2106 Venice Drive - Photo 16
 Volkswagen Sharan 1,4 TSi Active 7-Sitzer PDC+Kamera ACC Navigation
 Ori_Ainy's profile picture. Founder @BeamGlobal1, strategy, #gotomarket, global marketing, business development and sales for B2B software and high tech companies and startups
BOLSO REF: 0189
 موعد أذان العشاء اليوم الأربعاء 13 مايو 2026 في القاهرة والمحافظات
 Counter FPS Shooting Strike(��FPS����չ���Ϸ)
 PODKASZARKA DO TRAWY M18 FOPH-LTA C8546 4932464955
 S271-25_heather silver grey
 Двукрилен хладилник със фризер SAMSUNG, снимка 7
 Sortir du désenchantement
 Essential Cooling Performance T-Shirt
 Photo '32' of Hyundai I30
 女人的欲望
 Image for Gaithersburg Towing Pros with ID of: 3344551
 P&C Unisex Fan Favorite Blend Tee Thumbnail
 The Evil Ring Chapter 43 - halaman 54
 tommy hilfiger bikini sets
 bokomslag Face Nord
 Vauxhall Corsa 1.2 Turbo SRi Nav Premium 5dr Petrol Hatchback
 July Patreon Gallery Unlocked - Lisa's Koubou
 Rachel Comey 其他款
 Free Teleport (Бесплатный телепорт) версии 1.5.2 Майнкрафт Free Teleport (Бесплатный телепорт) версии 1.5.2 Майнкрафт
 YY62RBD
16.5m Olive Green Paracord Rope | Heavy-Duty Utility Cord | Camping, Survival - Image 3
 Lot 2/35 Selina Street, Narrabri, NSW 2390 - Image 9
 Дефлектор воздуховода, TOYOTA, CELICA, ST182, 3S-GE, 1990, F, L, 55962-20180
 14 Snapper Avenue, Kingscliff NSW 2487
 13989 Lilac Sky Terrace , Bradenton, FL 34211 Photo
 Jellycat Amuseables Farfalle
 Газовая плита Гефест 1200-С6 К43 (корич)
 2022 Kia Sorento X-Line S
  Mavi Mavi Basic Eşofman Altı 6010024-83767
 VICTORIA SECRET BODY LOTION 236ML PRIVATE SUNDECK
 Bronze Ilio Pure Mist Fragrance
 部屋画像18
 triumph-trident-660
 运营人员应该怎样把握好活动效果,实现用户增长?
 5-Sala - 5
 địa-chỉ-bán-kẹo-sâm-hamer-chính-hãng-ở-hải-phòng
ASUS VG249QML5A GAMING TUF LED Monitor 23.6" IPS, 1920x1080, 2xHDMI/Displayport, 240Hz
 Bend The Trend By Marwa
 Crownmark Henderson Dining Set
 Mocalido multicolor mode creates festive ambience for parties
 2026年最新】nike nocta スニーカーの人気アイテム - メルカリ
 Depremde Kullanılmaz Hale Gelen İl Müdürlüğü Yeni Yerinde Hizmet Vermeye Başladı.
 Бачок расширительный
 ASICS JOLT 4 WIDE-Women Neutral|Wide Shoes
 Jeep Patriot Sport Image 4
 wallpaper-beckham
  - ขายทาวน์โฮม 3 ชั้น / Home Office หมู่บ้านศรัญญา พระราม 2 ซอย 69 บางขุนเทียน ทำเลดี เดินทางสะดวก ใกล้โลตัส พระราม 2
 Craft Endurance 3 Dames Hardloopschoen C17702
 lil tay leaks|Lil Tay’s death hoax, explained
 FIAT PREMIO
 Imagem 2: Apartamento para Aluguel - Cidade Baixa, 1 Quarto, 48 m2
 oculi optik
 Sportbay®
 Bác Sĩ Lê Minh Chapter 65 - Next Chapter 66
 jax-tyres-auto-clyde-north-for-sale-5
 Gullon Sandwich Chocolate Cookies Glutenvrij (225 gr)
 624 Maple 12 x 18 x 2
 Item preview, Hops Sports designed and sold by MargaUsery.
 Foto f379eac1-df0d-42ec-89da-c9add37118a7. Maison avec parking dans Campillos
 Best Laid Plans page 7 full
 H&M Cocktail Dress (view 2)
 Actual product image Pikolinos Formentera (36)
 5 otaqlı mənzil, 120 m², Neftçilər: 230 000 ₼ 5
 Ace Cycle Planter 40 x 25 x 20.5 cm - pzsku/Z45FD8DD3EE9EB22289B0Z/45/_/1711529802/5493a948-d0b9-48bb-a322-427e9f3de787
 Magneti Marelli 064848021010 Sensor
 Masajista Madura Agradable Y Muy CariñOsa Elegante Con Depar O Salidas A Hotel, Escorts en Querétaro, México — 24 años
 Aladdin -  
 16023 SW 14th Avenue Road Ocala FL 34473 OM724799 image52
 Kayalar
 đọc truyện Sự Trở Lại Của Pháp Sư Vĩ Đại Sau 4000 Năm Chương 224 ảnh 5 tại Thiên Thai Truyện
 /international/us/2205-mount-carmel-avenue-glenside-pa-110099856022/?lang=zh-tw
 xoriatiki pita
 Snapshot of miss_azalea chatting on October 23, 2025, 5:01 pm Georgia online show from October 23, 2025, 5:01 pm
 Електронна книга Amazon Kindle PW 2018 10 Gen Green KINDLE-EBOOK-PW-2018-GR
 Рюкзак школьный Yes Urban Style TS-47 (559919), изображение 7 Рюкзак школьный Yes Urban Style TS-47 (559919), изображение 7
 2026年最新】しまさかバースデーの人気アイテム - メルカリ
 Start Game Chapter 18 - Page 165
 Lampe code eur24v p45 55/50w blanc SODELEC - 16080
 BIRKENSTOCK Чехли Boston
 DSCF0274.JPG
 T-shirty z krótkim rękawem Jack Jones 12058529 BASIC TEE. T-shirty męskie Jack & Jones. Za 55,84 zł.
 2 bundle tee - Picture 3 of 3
━━━━━━━━━━━━━━━━
EXERCISE DESCRIPTION
Among the records above, extract exactly the lines from the line with "July Patreon Gallery" to the line with "13989 Lilac Sky", both lines included, and leave out the rest.

SOLVED EXERCISE
 July Patreon Gallery Unlocked - Lisa's Koubou
 Rachel Comey 其他款
 Free Teleport (Бесплатный телепорт) версии 1.5.2 Майнкрафт Free Teleport (Бесплатный телепорт) версии 1.5.2 Майнкрафт
 YY62RBD
16.5m Olive Green Paracord Rope | Heavy-Duty Utility Cord | Camping, Survival - Image 3
 Lot 2/35 Selina Street, Narrabri, NSW 2390 - Image 9
 Дефлектор воздуховода, TOYOTA, CELICA, ST182, 3S-GE, 1990, F, L, 55962-20180
 14 Snapper Avenue, Kingscliff NSW 2487
 13989 Lilac Sky Terrace , Bradenton, FL 34211 Photo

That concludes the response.